The letter listed instances wherein priests and religious had been accused and/or convicted of sex crimes against children and minors or had engaged in cover-ups. Notable among the misdeeds mentioned were accusations of rape and mistreatment of Native American children by clerics in schools and orphanages subsidized by the Canadian government and operated by Church authorities.
In late May, graves of some 200 Native American children were discovered at the site of the Kamloops Indian Residential School in British Columbia, prompting some to decry what they labeled a "genocide" and "crime scene." Others say the media is pushing an anti-Catholic, "unmarked mass grave" narrative that's already being countered by a historian. He contends they are likely pauper's graves for children who died from natural causes over many years and whose burial markers wore away over time.
At least one member of Parliament has called for severing Canada's diplomatic ties with the Vatican if no apology emerges for the mistreatment of children in Church institutions.
Also mentioned was the notorious case of deaf children sexually abused by clerics and religious of the Provolo Institute in Argentina. In that case, lawyers for the Church successfully argued that a 1966 concordat between the Holy See and Argentina protected the Church from releasing to civil authorities the canonical records of abuses.
The U.N. panel complained the concordats and agreements reached by the Holy See with U.N. member states "limit the ability of the civil authority to compel the production of documents or prosecute people associated with the Catholic Church."
The panel wrote:
We urge the authorities of the Holy See to refrain from obstructive practices and to cooperate fully with the civil, judicial and law-enforcement authorities of the countries concerned, as well as to refrain from signing or using existing agreements to evade accountability for Church members accused of abuse.
The panel works under the authority of the United Nations' Office of the High Commissioner of Human Rights. The current human rights commissioner is Michelle Bachelet, a former president of Chile and inveterate promoter of abortion and contraception.
When the letter was released, a Vatican official weighed in anonymously, telling Catholic News Agency the document has "no real teeth."

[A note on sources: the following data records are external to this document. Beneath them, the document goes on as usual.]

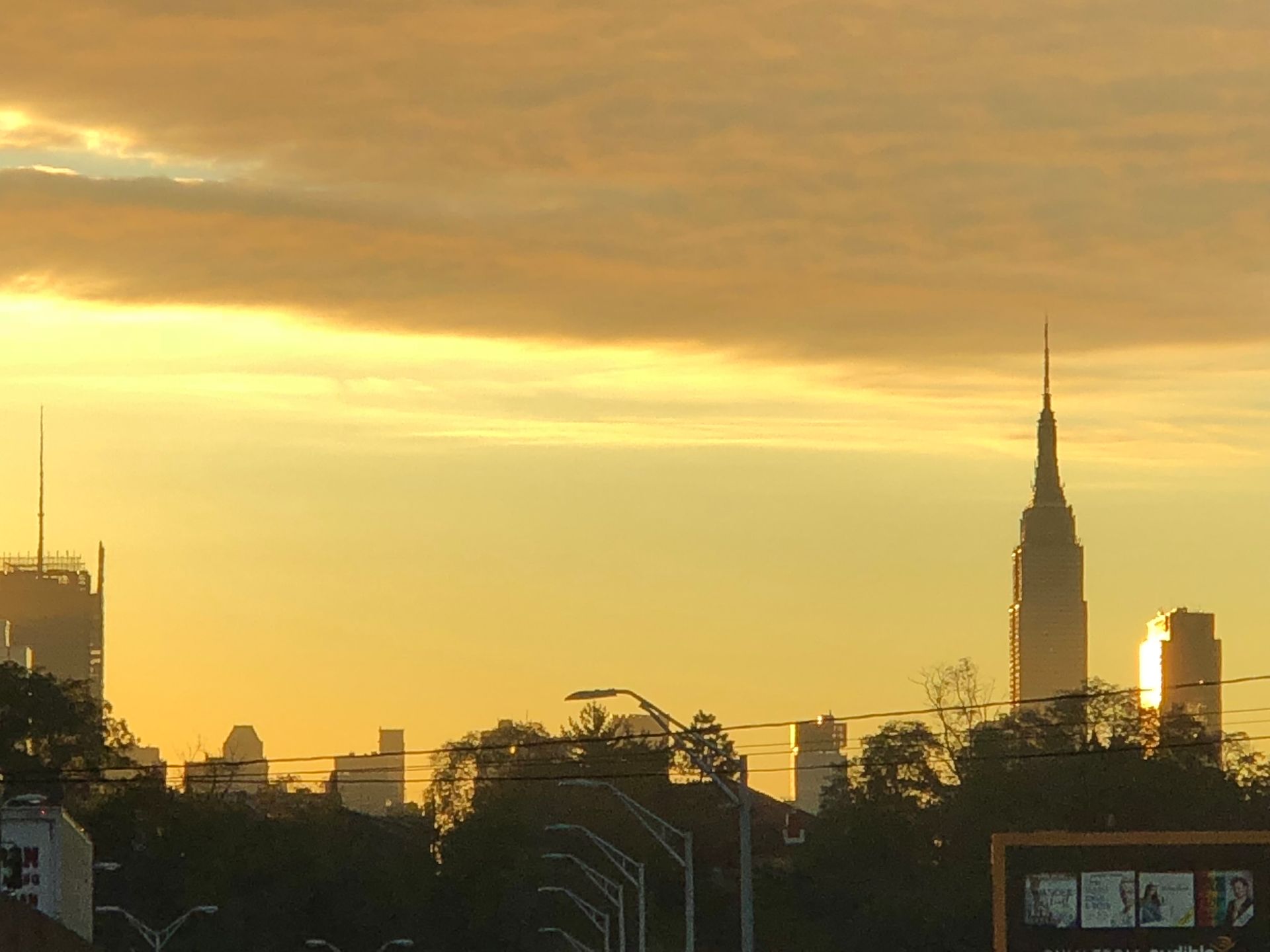 Golden sunrise over the New York City skyline, with the Empire State Building prominent.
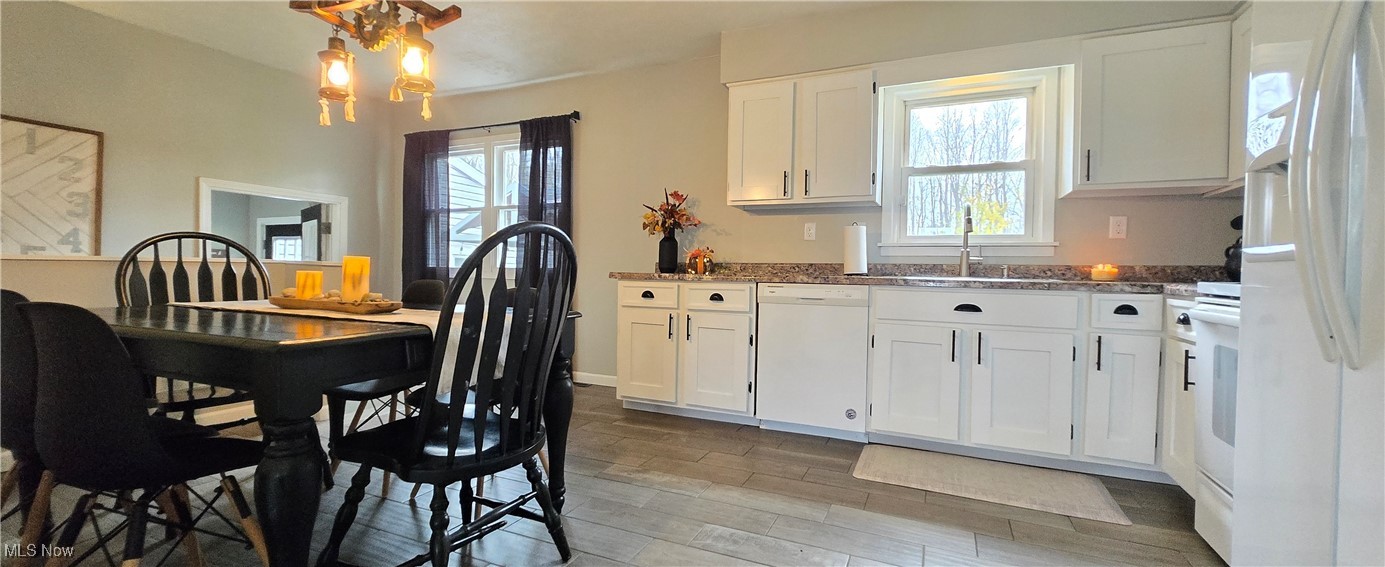591 Seminary Road Norwalk, OH 44857 - Photo 7 of 29 Kitchen featuring white appliances, light hardwood / wood-style floors, white cabinetry, and sink
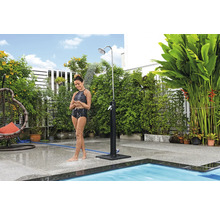 Frau unter einer Gartendusche im Außenbereich neben einem Pool.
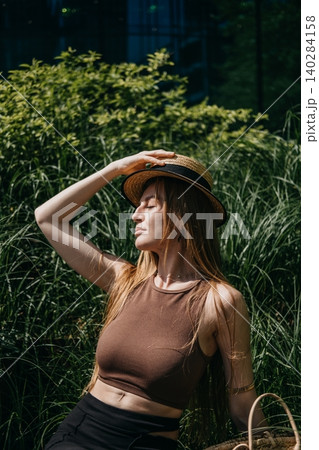 Woman sits outdoors with closed eyes holding straw hat in front of green plants. Nature integrated urban design, bio living walls concept, urban agriculture for cooling Woman sits outdoors with closed eyes holding straw hat in front of green plants. Nature integrated urban design, bio living walls concept, urban agriculture for cooling 140284158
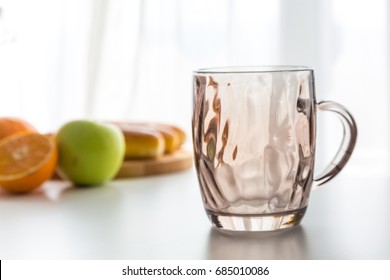 Empty Glass With Fruit Near Window On The Table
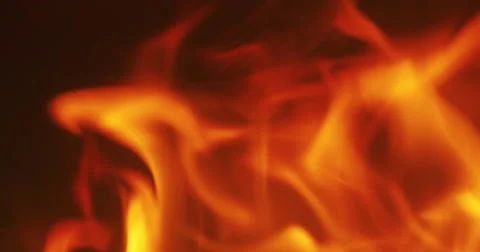 Close up flames in a fireplace in slow motion Video stock 64877969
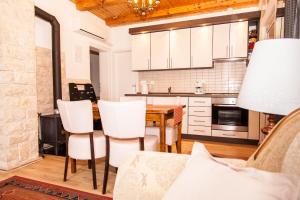 Kuchyň nebo kuchyňský kout v ubytování Apartments Bramado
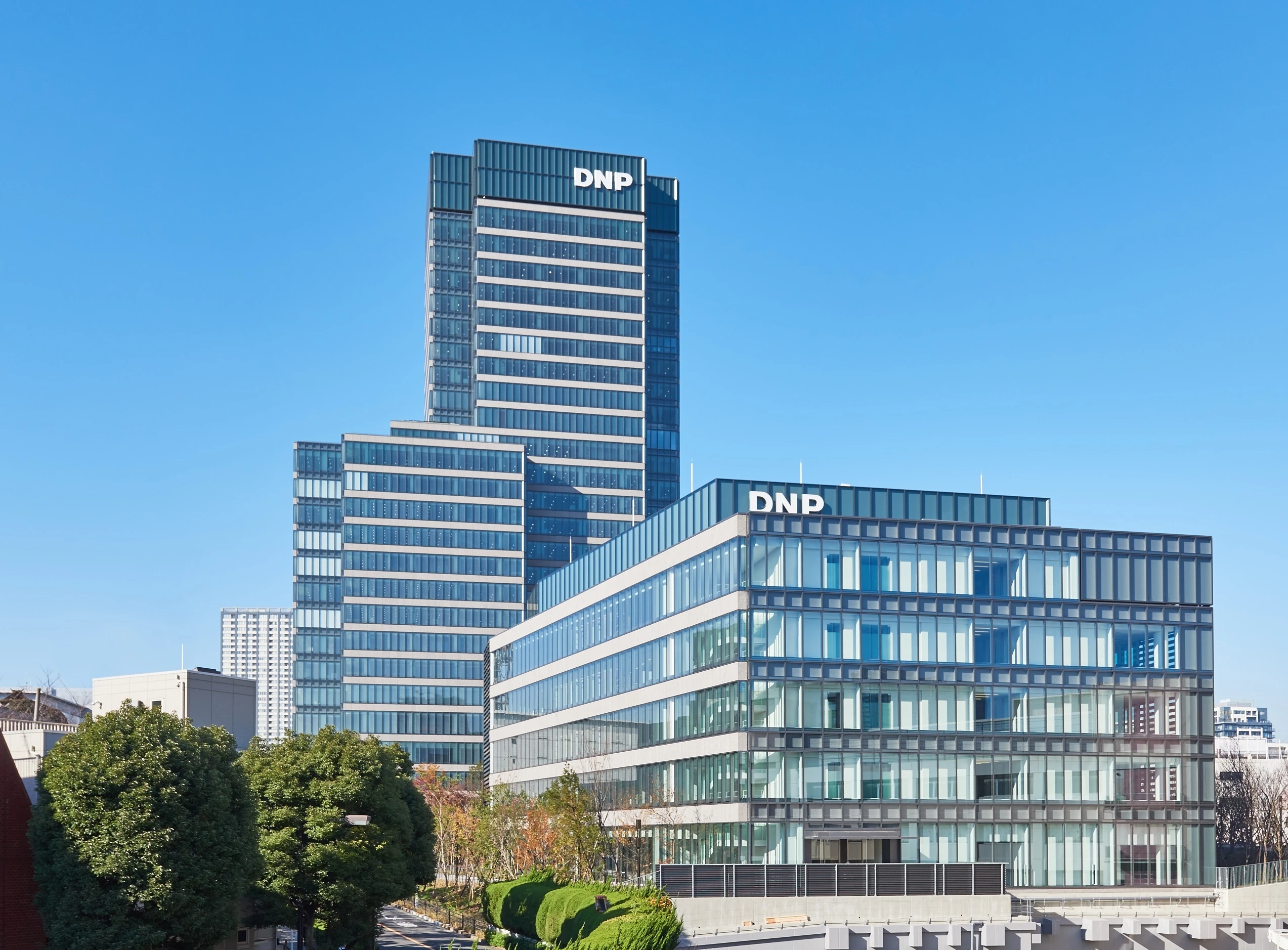 Modern glass office buildings with “DNP” logos under a clear blue sky, surrounded by trees and city structures.
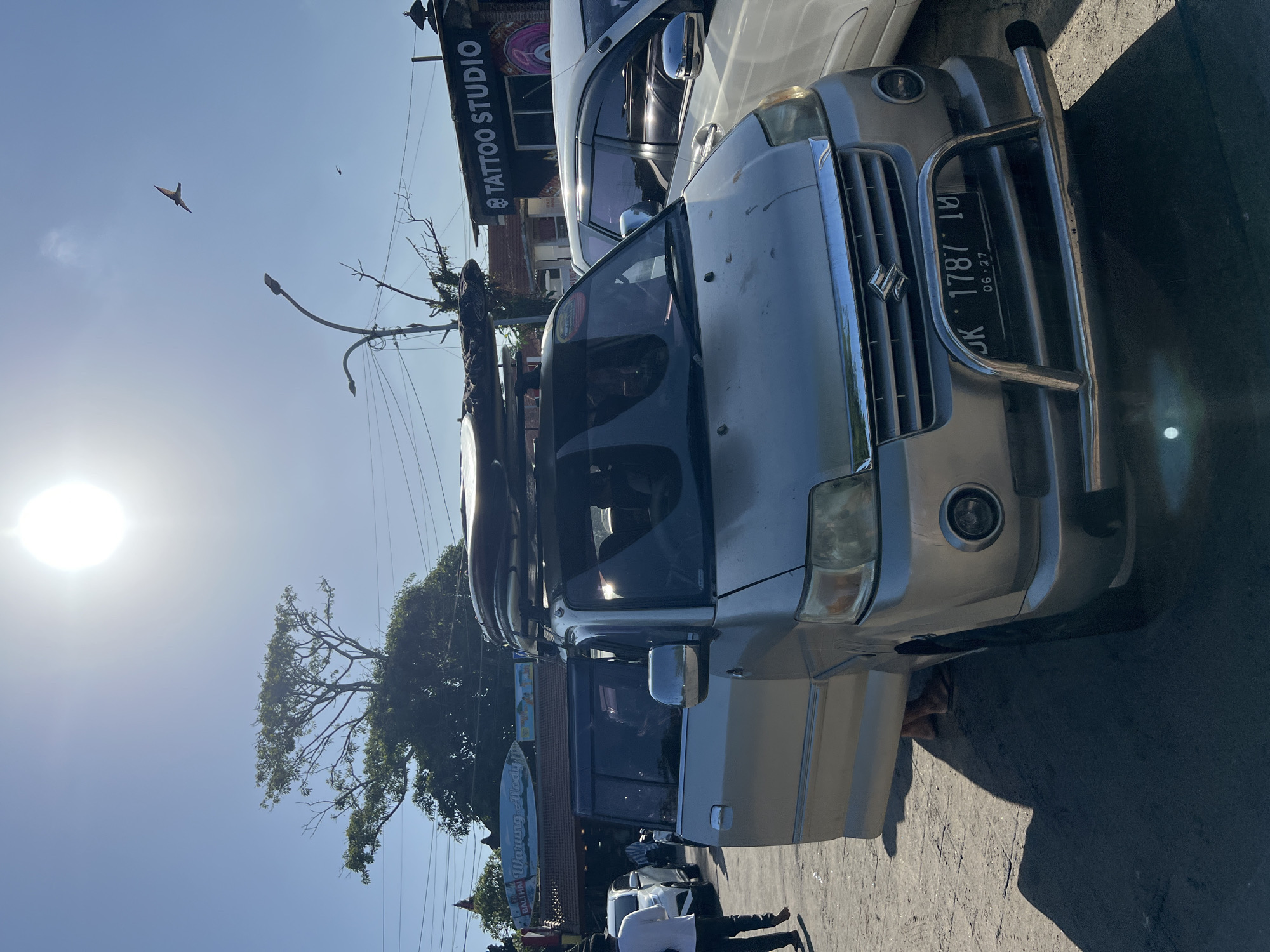 A silver van with surfboards on the roof rack is parked on a paved surface in front of a "Warung Mody" restaurant. A person is standing with the van door open, partially visible behind the door. To the right, a white car is parked next to the van. In the background, a "Tattoo Studio" sign is visible on a building. The scene is outdoors on a sunny day, with power lines and trees in the background. A bird is flying in the bright sky. The license plate on the van reads "DK 1787 IU".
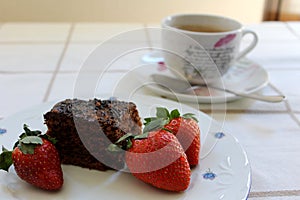 Three fresh red strawberries around a delicious and tasty chocolate cake and a cup of coffee at background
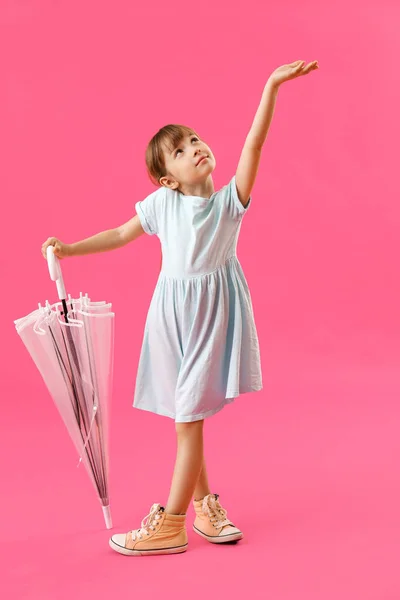 stock image Cute little girl with umbrella on color background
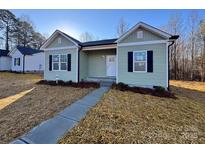 Charming one-story home with green siding, black shutters, and a well-manicured front yard at 709 Queens Ct, Gastonia, NC 28052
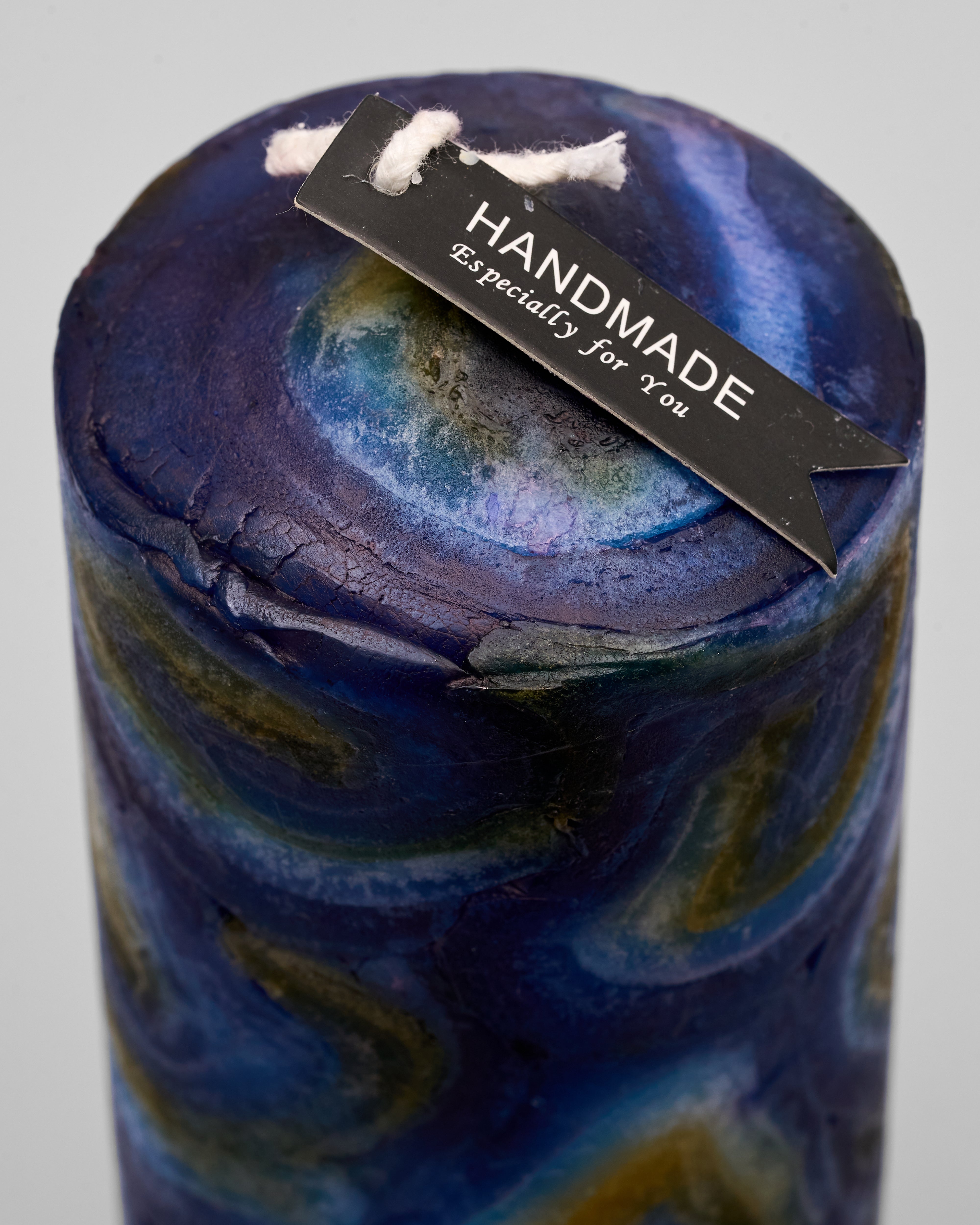 Blue marbled candle with a 'Handmade' tag on a gray background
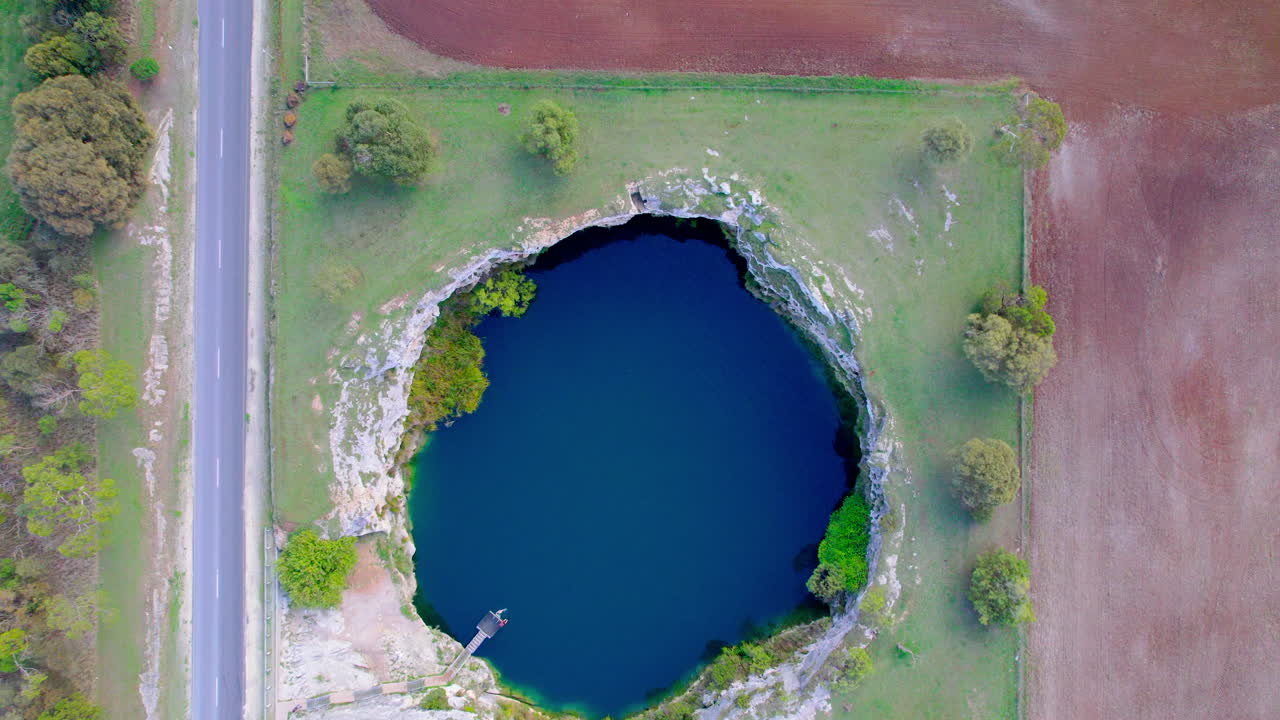Top-down drone shot of Little Blue Lake in South Australia, revealing its striking blue water surrounded by green and brown fields in a remote rural landscape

The panel called for eliminating the inviolability of the seal of confession, "which prevents priests who hear a confession from reporting crimes to civil authorities." According to §1467 of the Catechism of the Catholic Church:
Given the delicacy and greatness of this ministry and the respect due to persons, the Church declares that every priest who hears confessions is bound under very severe penalties to keep absolute secrecy regarding the sins that his penitents have confessed to him. He can make no use of knowledge that confession gives him about penitents' lives. This secret, which admits of no exceptions, is called the "sacramental seal," because what the penitent has made known to the priest remains "sealed" by the sacrament.
Confession of sins — which entails the reception of forgiveness and sanctifying grace from Christ — is a sacrament that was instituted when Jesus said to His Apostles, "Receive the Holy Spirit. If you forgive the sins of any, they are forgiven; if you retain the sins of any, they are retained" (John 20:23).
A confession lasts from when the pentitent says, "Forgive me, Father, for I have sinned" until the priest says "Go in peace." Anything said between these bookends is bound by the seal.
Some see attempts to reveal confession details as an attack on the priesthood — because priests who break the seal excommunicate themselves — and an attack on the penitent, whose eternal salvation relies on his willingness to accuse himself of sins of all magnitude, including crimes, in order to receive Christ's forgiveness through the priest. Fear of prosecution could keep the penitent away from the confessional.
The letter welcomed "new rules established by the Holy See" that address sexual abuse. These rules:
"We regret, however, that the request to report crimes to the civil authorities is not yet compulsory, and we urge the government of Your Excellence to consider making this request compulsory as soon as possible," the letter stated.
The signatories alleged that "members of the Church" have undercut efforts by lawmakers in various countries to prosecute child sex offenders. They lamented how the Vatican's criminal court has only recently undertaken its first prosecutions for sexual abuse and cover-up at a Vatican seminary.
The letter concluded:
We urge members of the Catholic Church to refrain from implementing practices that reduce the victims' access to justice for violations they have suffered. We urge the relevant authorities to criminally prosecute all alleged cases of child sexual abuse and/or cover-up, thereby sending a clear signal to all members of the Catholic Church that such violations will never again be tolerated.
Referring to international agreements on human rights, they called on member states to ensure truth, justice, reparation for crimes and guarantees of non-repetition of grave human rights violations.
The letter called for a blurring of the distinction between the Holy See and the Vatican city-state.
Sometimes known as the Vatican, the Vatican city-state, within the city of Rome, is a distinct territory, which, according to the Lateran Treaty of 1929, is under the "full ownership, exclusive dominion and sovereign authority and jurisdiction" of the Holy See. The Holy See, in turn, is a sovereign entity of international law that safeguards the spiritual, temporal and diplomatic independence of the Vatican city-state.
The Holy See or See of Rome has jurisdiction not only over the environs of the Vatican city-state, but also has, through the pope, spiritual authority over the diocese of Rome and universal ecclesiastical jurisdiction over the worldwide Catholic Church. It is to the Vatican city-state that ambassadors of civil governments are accredited as diplomats.
The quasi-independent human rights panel works under various mandates of the United Nations–backed Human Rights Council, but does not work directly for the world body, even though it receives some support from the human rights office.
Each of the "expert" signatories of the letter is a designated special rapporteur on specific geographic or thematic areas. The signatories include Fabián Salvioli of Argentina, Mama Fatima Singhateh of Gambia, Nils Melzer of Switzerland, and Gerard Quinn of Ireland. Salvioli was among prominent Argentines who advocated for eliminating Argentina's abortion restrictions in 2020. Quinn has served on advisory boards of the Open Society Foundations, which is funded by anti-Christian globalist billionaire George Soros.